I don't know how good a practice this is, but you might be able to use space under /home/airflow/gcsfuse   GCSfuse makes the GCS bucket available to bash commands as if it were part of the filesystem and the locations are stable from task to task.  This area /home/airflow/gcsfuse is set up by CC so it's CC's bucket and not my bucket. I don't like mixing user files with system-generated files, and I don't know the security implications.  Maybe others in this forum could comment on that. But I think it will work for your needs.  Or maybe you could mount another bucket of your own making with gcsfuse.

I was motivated to look at this because I wanted to process some files (ungzip in my case) that were potentially larger than the space available on /tmp    /home/airflow/gcsfuse seems to have lots of space. I have not tested the limit, but df reports 1 PB.

Try it and let us know how it works out.

Trevor Edwards

unread,
Jul 27, 2018, 12:28:47 PM7/27/18
to cloud-composer-discuss
https://cloud.google.com/composer/docs/concepts/cloud-storage#data_synchronization documents the data/ folder which is meant for staging files like this.

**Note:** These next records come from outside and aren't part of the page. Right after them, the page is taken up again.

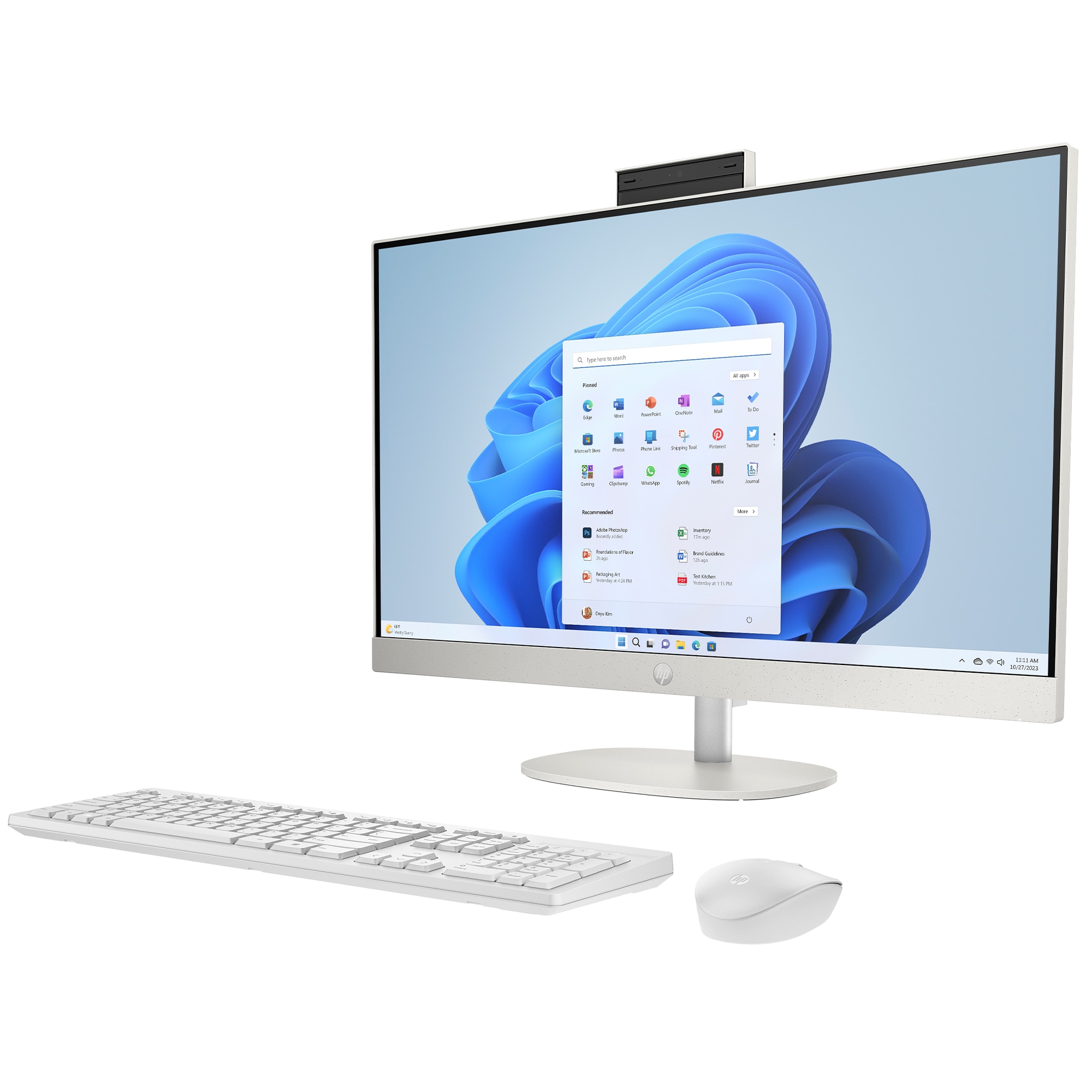 HP 27 in. Touch Screen All-in-One Desktop with Intel Core i5-1335U, 13th Gen,10-Core CPU, Intel UHD GPU, 16GB RAM, 512GB SSD & Windows 11 Home - Shell White, , hires
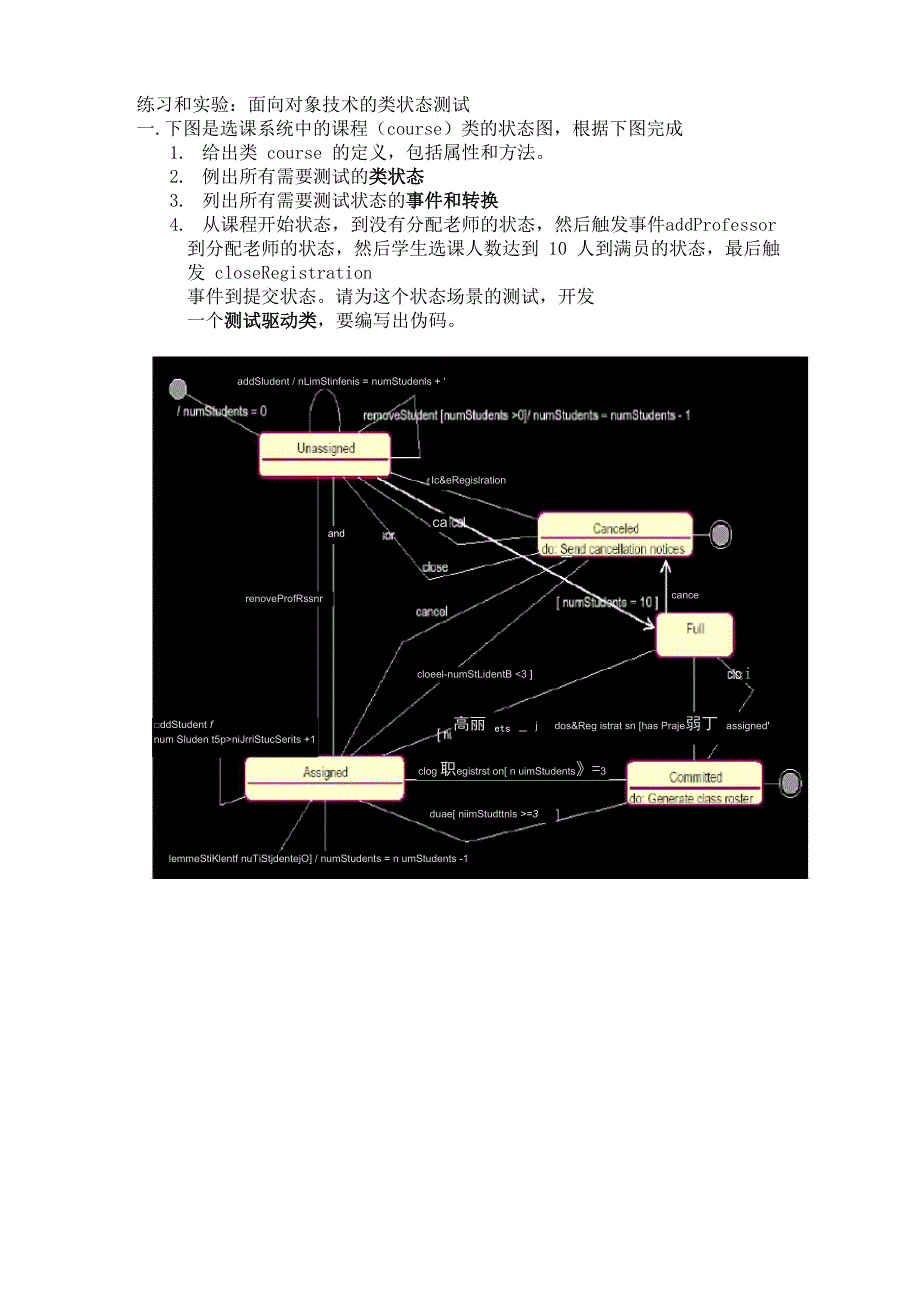 练习和实验：面向对象技术的类状态测试_第1页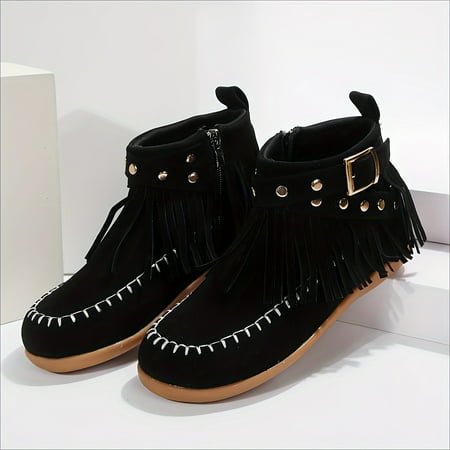 

MNGHNKJ Stylish Women‘s Flat Ankle Boots Comfortable Durable & Fashion-Forward with Tassel & Metal Bead Accents Easy Side-Zip Design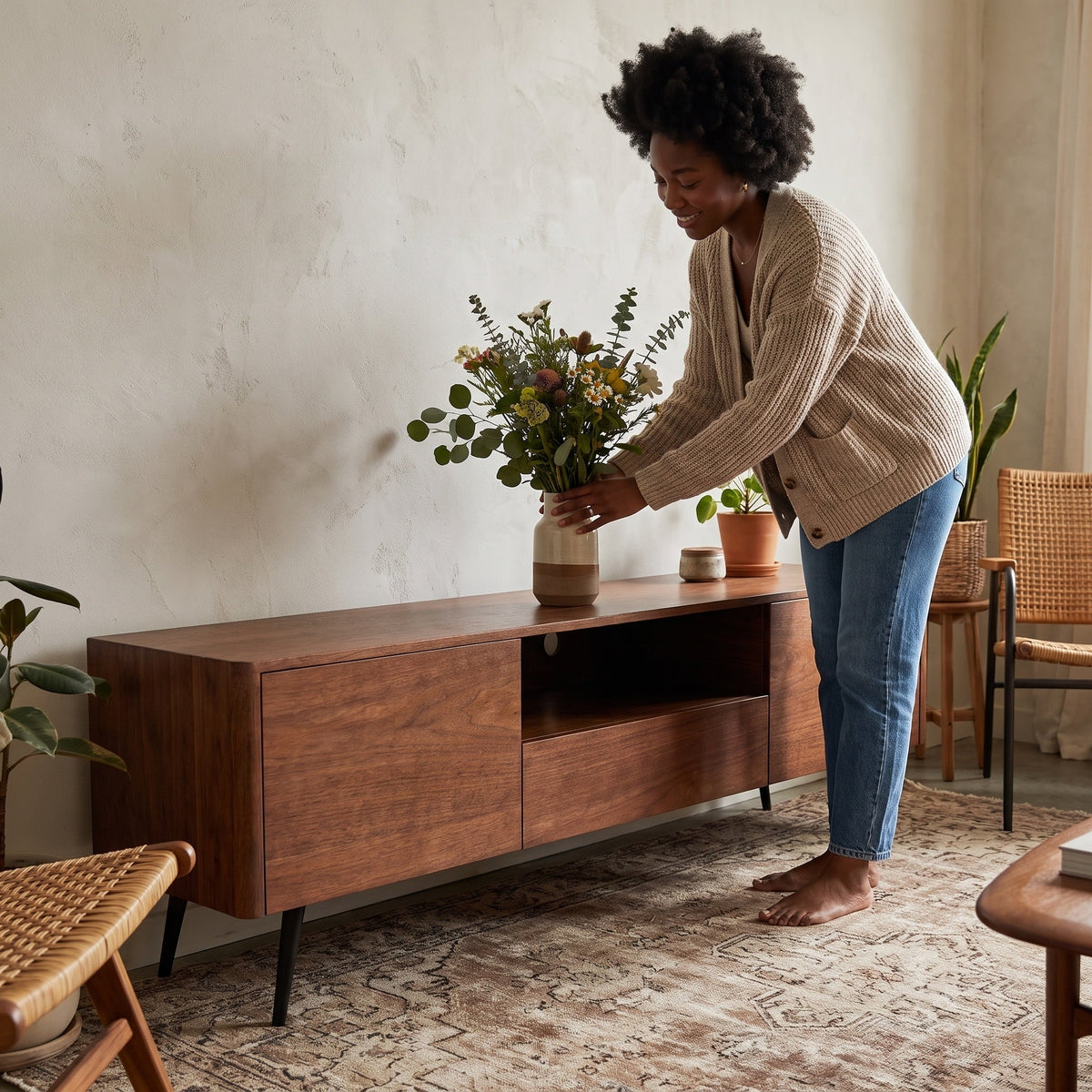 70.8-inch modern TV stand, suitable for televisions up to 85 inches, featuring enclosed storage and cable management, soft-close hinges and iron legs, ideal for the living room - Sonkuki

Also, IIRC, even if the data/ folder supports up to 1 PB of data, you may run into issues if you try to work with individual files whose size is greater than the size of your Composer workers' disk.

Norbert Kremer

unread,
Jul 27, 2018, 2:27:29 PM7/27/18
to cloud-composer-discuss
Trevor, thanks for clearing that up.  I tested the data folder and it works for me as expected.  Regarding size limitation, what you say makes sense, as gcsfuse needs some place to buffer the writes to GCS.  I'll test the size limits later.


Jocelyn

unread,
Aug 1, 2018, 9:20:43 AM8/1/18
to cloud-composer-discuss
Thanks for the suggestions. I'm still having a problem reading the file correctly. 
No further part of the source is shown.